Richard Miniter in the Forbes gets a bit of geography wrong when he says that a land route from India to Afghanistan will substitute for the Paki supply route. But otherwise, he has some suggestions on how to step on the Paki tail:
So it surprised nearly everyone when Mullen said the Haqqani Network, a terror group akin to al Qaeda that attacked the U.S. embassy in Kabul for 20 bloody and brutal hours on Sept. 13, was a “veritable arm of the ISI,” Pakistan’s military intelligence service. That means that Pakistan, who receives some $3.4 billion in military and civil aid from the United States, is using proxy groups to attack the United States.
The off-the-record briefing was even scarier. When the corpses of the militants who attacked the embassy were searched, cell phones were found. American intelligence determined that those phones had called leaders of the Haqqani terror group and, this part was jaw-dropping: high-ranking members of Pakistan’s ISI.
...
So what should the Obama administration do?
Shrink or end U.S. dependency on Pakistan as a supply line. Use our Central Asian allies to move more cargo by air and develop a supply line through India, which shares a border with Afghanistan. Yes, the land route through India would be far longer....
Direct the Voice of America to focus on corruption in Pakistan. Hard news reporting of payoffs to politicians and generals in Islamabad would electrify the opposition in Pakistan.
Stop selling military gear to Pakistan that it doesn’t need to fight terrorists.
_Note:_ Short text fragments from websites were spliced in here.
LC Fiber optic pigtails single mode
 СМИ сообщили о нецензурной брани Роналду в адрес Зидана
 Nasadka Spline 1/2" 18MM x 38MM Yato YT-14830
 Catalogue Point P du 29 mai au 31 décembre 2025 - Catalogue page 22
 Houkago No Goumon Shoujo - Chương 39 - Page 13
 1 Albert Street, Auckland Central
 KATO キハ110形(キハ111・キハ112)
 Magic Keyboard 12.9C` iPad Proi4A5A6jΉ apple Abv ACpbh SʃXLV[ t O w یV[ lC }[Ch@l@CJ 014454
Why sell anti-submarine technology or anti-aircraft equipment or advanced avionics for jet fighters to Pakistan, when no terrorist outfit was a navy or an air force? Of course, this weaponry is designed to counter India, the world’s largest democracy and a friend to the United States. And much of this technology, like the wreck of the SEAL helicopter that crashed at bin Laden’s compound, is ultimately shared with China, which is not an American ally.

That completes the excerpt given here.